Segment Start: TASK DATA
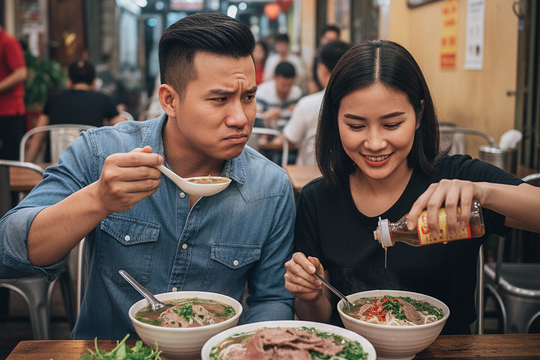 Tôi tiếc cho những người ăn phở chất đầy gia vị nhưng bỏ nửa bát nước dùng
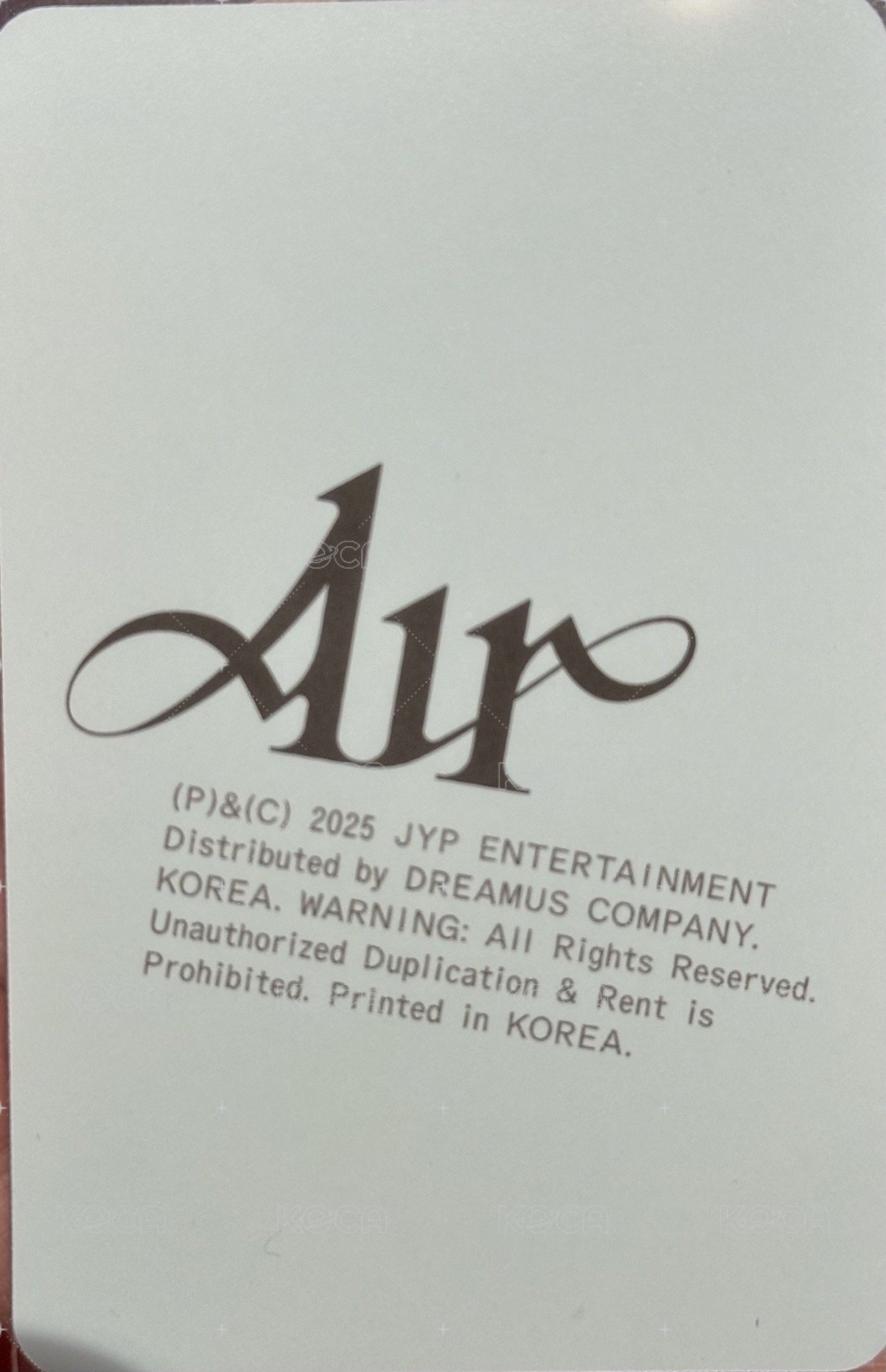 AIR 專輯卡 oxygen 背面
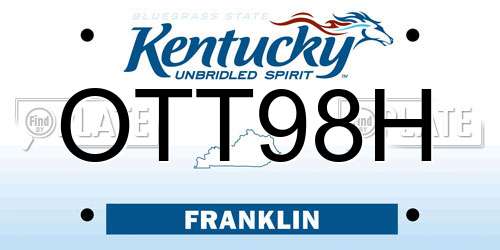 OTT98H Kentucky License Plate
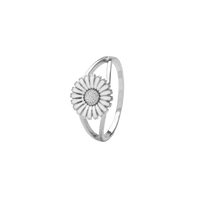 Sølv ring m/10mm marguerit hvid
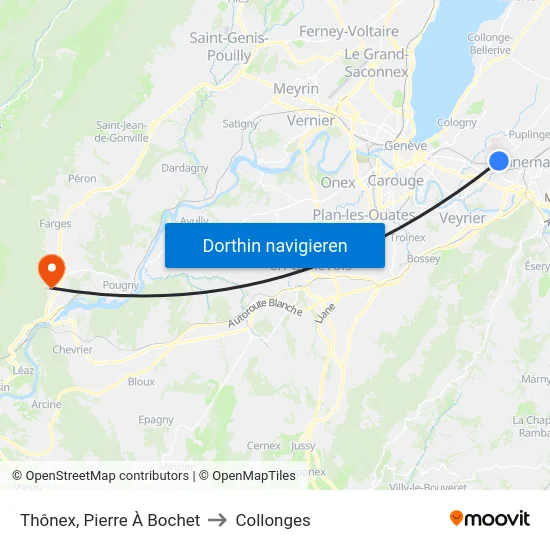 Thônex, Pierre À Bochet to Collonges map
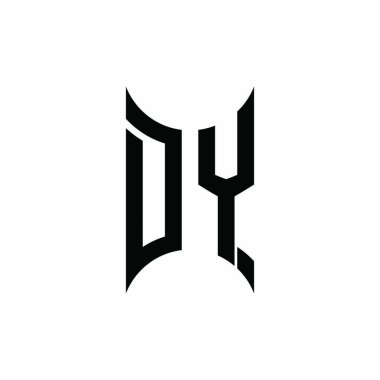 DY Monogram geometrik şekil şablonu. İzole edilmiş arkaplanda ilk tasarım vektörü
Segment End: TASK DATA
▶ WHAT IS REQUIRED
Keep every word of the lines above unchanged in the copy, and omit the pictures.

▶ REPLY TO THE EXERCISE
 Tôi tiếc cho những người ăn phở chất đầy gia vị nhưng bỏ nửa bát nước dùng
 AIR 專輯卡 oxygen 背面
 OTT98H Kentucky License Plate
 Sølv ring m/10mm marguerit hvid
 Thônex, Pierre À Bochet to Collonges map
 DY Monogram geometrik şekil şablonu. İzole edilmiş arkaplanda ilk tasarım vektörü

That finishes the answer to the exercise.